Statistical analysis
Data are given as mean values ± SD, with n denoting the number of independent samples within one treatment group. In each experiment 15–20 embryoid bodies were analyzed. Statistical analysis was performed by one way ANOVA, followed by adjusted t tests with P values corrected by the Bonferroni method. A value of P < 0.05 was considered significant.

RESULTS

Stimulation of cardiovascular differentiation of ES cells by mechanical strain
ES cell-derived embryoid bodies differentiate within 8 d toward the cardiovascular cell lineage. The underlying molecular mechanisms are thus far unknown but may include physical stimuli. In the present study, 4-day-old undifferentiated embryoid bodies outgrown on flexible membranes were subjected for 2 h to mechanical strain resulting in 5%, 10%, and 20% extension of the membranes. Following further 4 d in cell culture, the formation of capillary-like structures was evaluated on day 8 of cell culture by quantification of cell areas staining positive for the endothelial cell-specific marker PECAM-1 (Fig. 1 ). Extension of the flexible membranes by either 5, 10, 15, or 20% resulted in an increase of the capillary area to 159 ± 16%, 207 ± 28%, 150 ± 20%, and 105 + 15%, respectively (n=6) (control set to 100%), which clearly indicates that mechanical strain stimulates vasculogenesis/angiogenesis in ES cells.

View larger version (37K): [in this window] [in a new window]   Figure 1. Stimulation of vasculogenesis/angiogenesis after application of static mechanical strain to ES cell-derived embryoid bodies. Embryoid bodies were treated on day 4 for 2 h with mechanical strain resulting in extension of the flexible membrane to 5, 10, 15, and 20%. On day 8 of cell culture, the tissues were fixed and stained for PECAM-1. The areas of PECAM-1-positive capillary-like structures were analyzed by the use of the image analysis software of the confocal setup. The images show representative PECAM-1 staining in control (a), 5% (b), 10% (c), 15% (d), and 20% (e) strain-treated embryoid bodies. The graph gives the means ± SD of 6 independent experiments. The bar represents 200 µm. *P < 0.05, significantly different from the untreated control.

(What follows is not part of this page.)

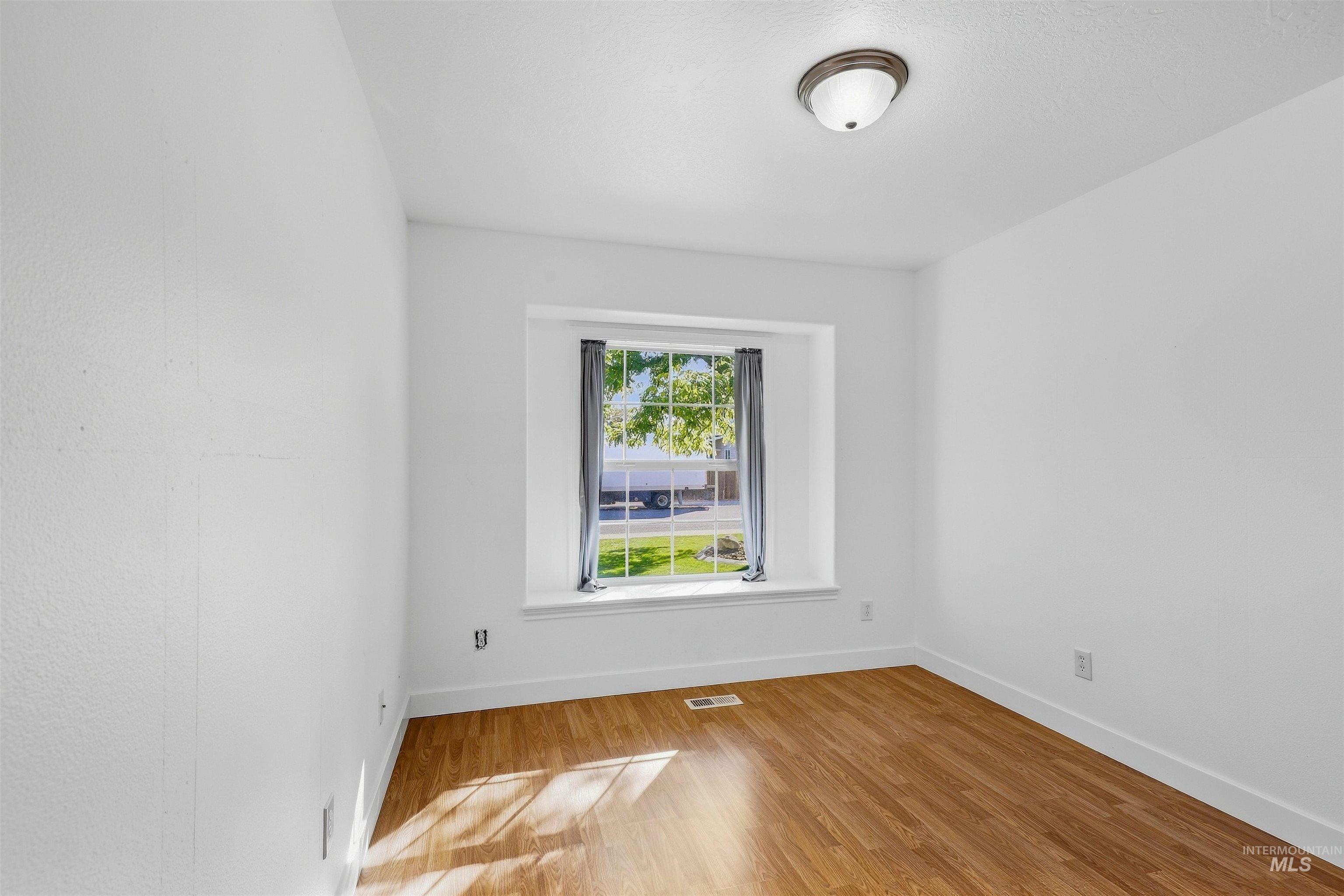 1087 S New Summer Ave Property Photo 16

The effect of mechanical strain on cardiomyogenesis was evaluated by counting spontaneous contracting embryoid bodies 4 d after mechanical strain treatment (Fig. 2 A, B). It was apparent that mechanical strain dose-dependently increased the number of spontaneously contracting embryoid bodies to 158 ± 22%, 189 ± 54%, and 221 ± 67%, when embryoid bodies were treated with either 5, 10, or 20% mechanical strain, respectively (n=7) (Fig. 2A ). To investigate whether mechanical strain increased the area of beating cardiac cells, control and mechanically strained embryoid bodies were immunostained with cardiac-specific -actinin, and the area of immunolabeled cardiac cells was analyzed by confocal laser scanning microscopy (Fig. 2B ). In parallel to the number of spontaneously contracting embryoid bodies, the area covered with cardiomyocytes was significantly increased to 152 ± 39, 325 ± 64, and 345 ± 74% when embryoid bodies were treated with 5, 10, and 20% mechanical strain, respectively (n=4). When cyclic strain (60 cycles/min, 15% elongation of the membrane) was applied, comparable effects on cardiovascular differentiation as compared to static mechanical strain were observed (data not shown).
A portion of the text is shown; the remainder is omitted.